PURPOSE: Although combined-modality therapy (CMT) is the preferred treatment for T3 and/or lymph node (LN)-positive rectal cancer, the German rectal cancer study published in 2004 demonstrated that 18% of patients deemed suitable for preoperative CMT by endorectal ultrasound (ERUS) may be overstaged. Because data also suggest that LN-negative rectal cancer after total mesorectal excision may not require radiotherapy, it is reasonable to consider omitting radiotherapy for the cT3N0 subset. We therefore determined the accuracy of pre-CMT ERUS or magnetic resonance imaging (MRI) staging, to explore the validity of a nonpreoperative CMT approach for cT3N0 disease. PATIENTS AND METHODS: One hundred eighty-eight ERUS-/MRI-staged T3N0 rectal cancer patients received preoperative CMT (fluorouracil based and 45-50.4 Gy) followed by radical resection. Rates of pathologic complete response (pCR) and mesorectal LN involvement were determined.
RESULTS: Tumors were located a median of 5 cm from the anal verge. Sphincter-preserving surgery was performed in 143 patients (76%). Overall pCR was 20%, and 41 patients (22%) had pathologically positive mesorectal LNs. The incidence of positive LNs significantly increased with T stage: ypT0, 3%; ypT1, 7%; ypT2, 20%; ypT3-4, 36% (P = .001).

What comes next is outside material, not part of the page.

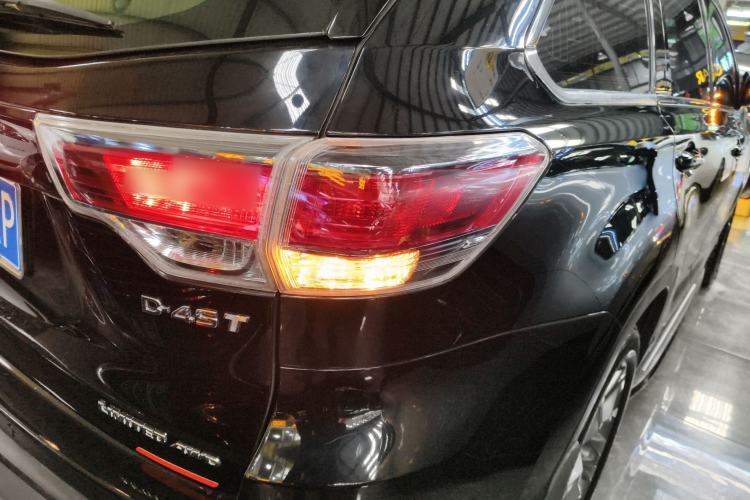 Used Toyota Highlander 2015 2.0T Four-Wheel Drive Ultimate Edition 7-Seater Exterior 6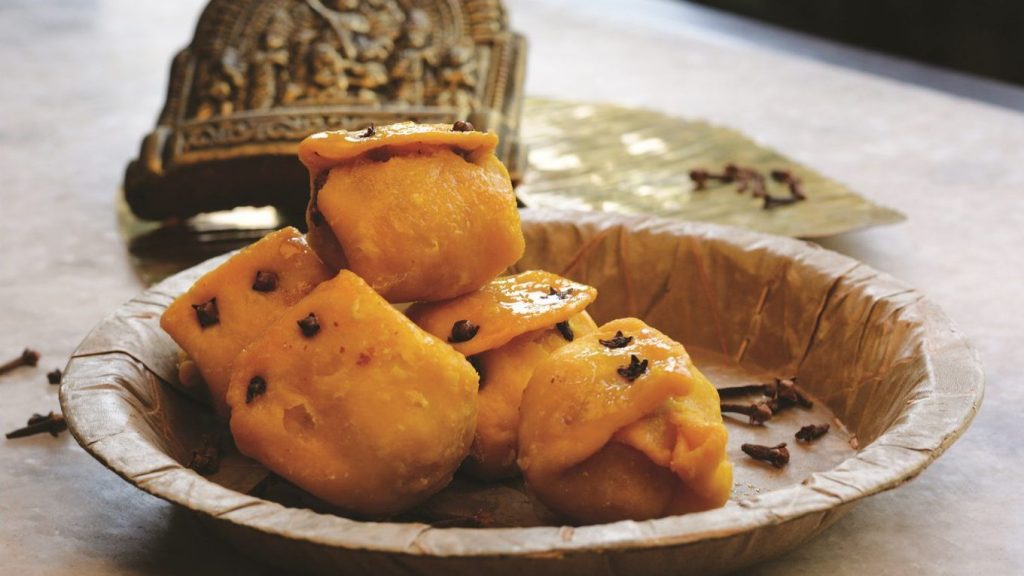 Diwali Sweets Recipes: दिवाली पर घर में बनाइए ये स्वादिष्ट मिठाइयां, लोग तारीफ करते नहीं थकेंगे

CONCLUSION: The accuracy of preoperative ERUS/MRI for staging mid to distal cT3N0 rectal cancer is limited because 22% of patients have undetected mesorectal LN involvement despite CMT. Therefore, ERUS-/MRI-staged T3N0 rectal cancer patients should continue to receive preoperative CMT. Although 18% may be overstaged and therefore overtreated, our data suggest that an even larger number would be understaged and require postoperative CMT, which is associated with significantly inferior local control, higher toxicity, and worse functional outcome.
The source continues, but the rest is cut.